Republican Senator Jim DeMint, one of the chamber's most uncompromising conservatives, has threatened to require clerks to read the entire 1,924-page bill out loud, a process which could take days.
It is unclear whether Cornyn will be able to muster enough votes to block the bill. Republican Senator Bob Bennett told Reuters he will back the measure, and four others said they remain undecided.
The House of Representatives passed a substantially different funding bill last week. The two measures would have to be reconciled before current spending expires on Saturday at midnight EST (0500 GMT).
DEMOCRATS "CAUTIOUSLY OPTIMISTIC"
A Senate Democratic aide said he was "cautiously optimistic" that they will have the support they need to pass the bill.
The bill reflects the changed political climate in Washington as voters have become increasingly opposed to the aggressive spending measures Democrats have taken over the past few years to fight the deepest economic downturn since the Great Depression.
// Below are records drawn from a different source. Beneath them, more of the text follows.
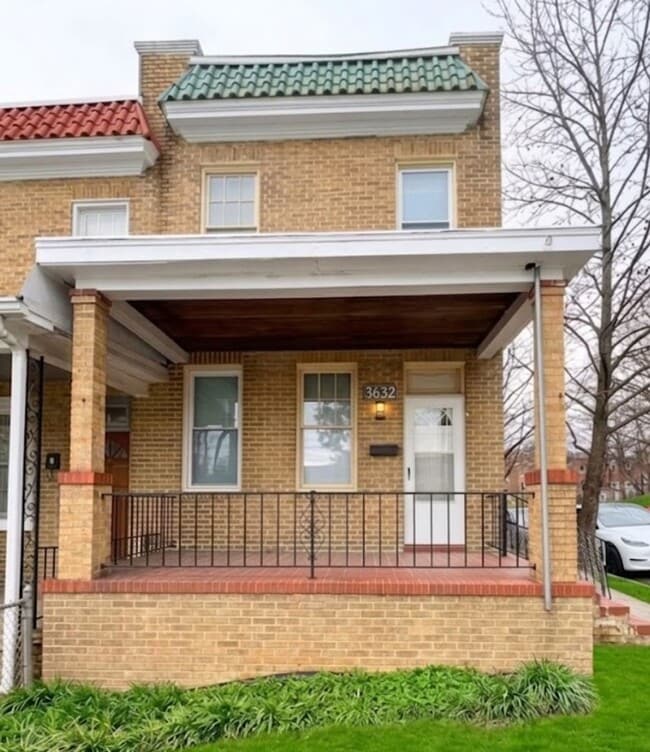 Photo - 3632 Parkdale Ave House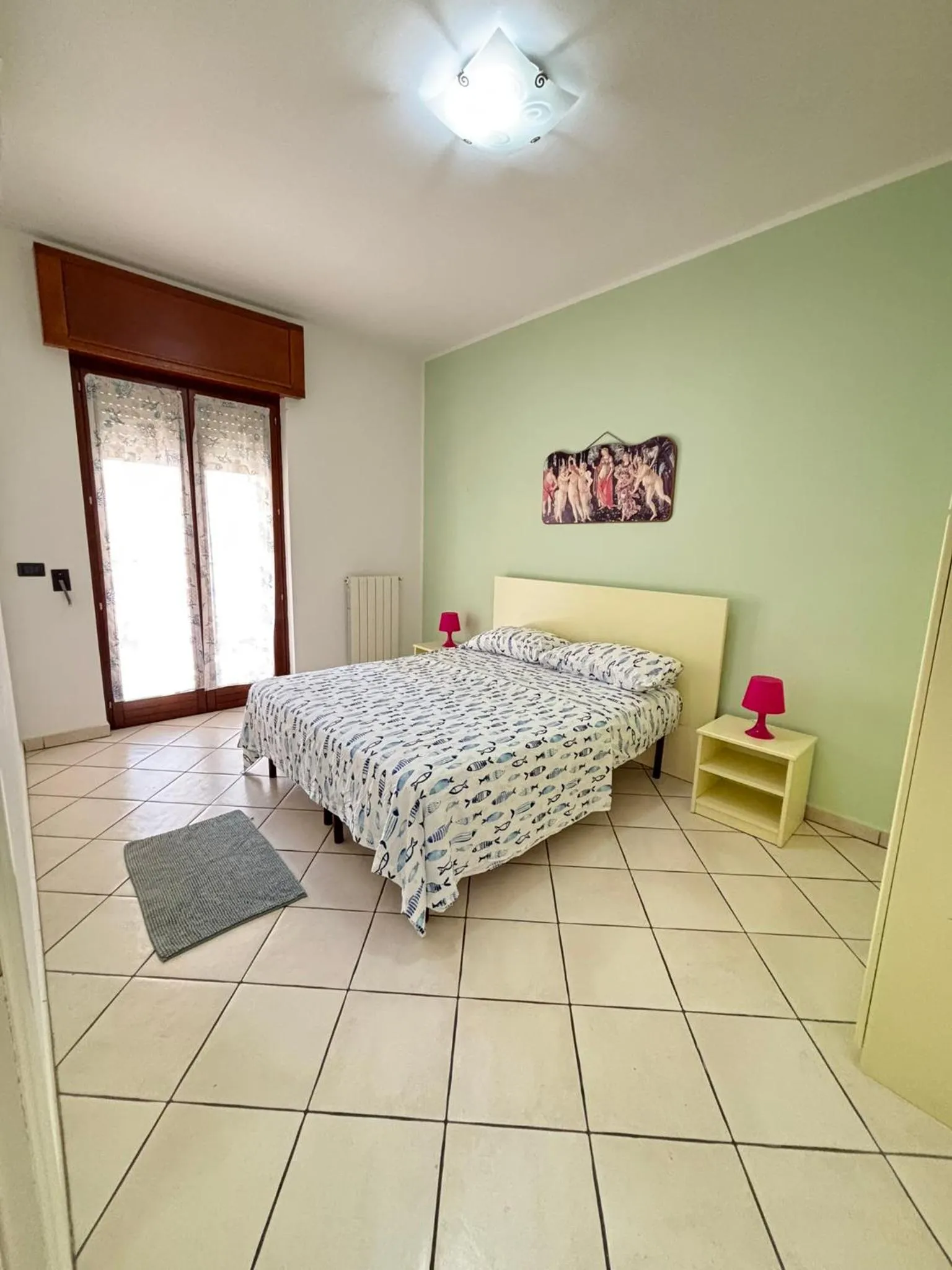 Bed in Rosa Virginia Apartment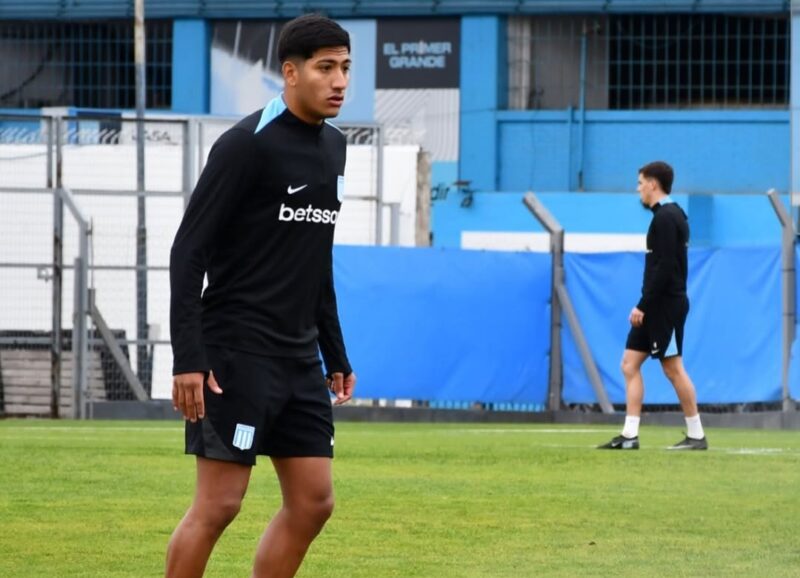 Mateo Martínez Racing jeune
The bill would provide $29 billion less than Obama requested to fund the government until the next fiscal year begins in October 2011.
It would freeze the salaries of nondefense federal employees through 2013 and prohibit the administration from bringing terrorism suspects held at the Guantanamo Bay prison camp in Cuba to the United States to face criminal trial.
The measure includes big budget increases for financial regulators to carry out their increased responsibilities under the Dodd-Frank reform of Wall Street, and $1 billion to begin implementing Obama's signature healthcare overhaul.
It includes $450 million to continue work on a second engine for the F-35 fighter plane, which the Pentagon has tried to kill for several years. Nevertheless, Defense Secretary Robert Gates said he supported the bill.
Congress is supposed to pass 12 individual spending bills to fund the government before the start of the fiscal year each October, but rarely manages to do so.
Congress has kept the government running on an extension of last year's budget, an approach that prevents agencies from doling out new research grants and launching other programs.
The Senate spending bill combines those 12 bills into one unwieldy package. Still, it would represent an improvement over the House version. That bill would essentially extend last year's budget through the rest of the current fiscal year, an approach that would make it difficult to shift funding to high-priority areas.
Republicans in both the House and the Senate want Congress to extend last year's budget only for a few months. That would give them a greater chance to enact the deep spending cuts they have promised.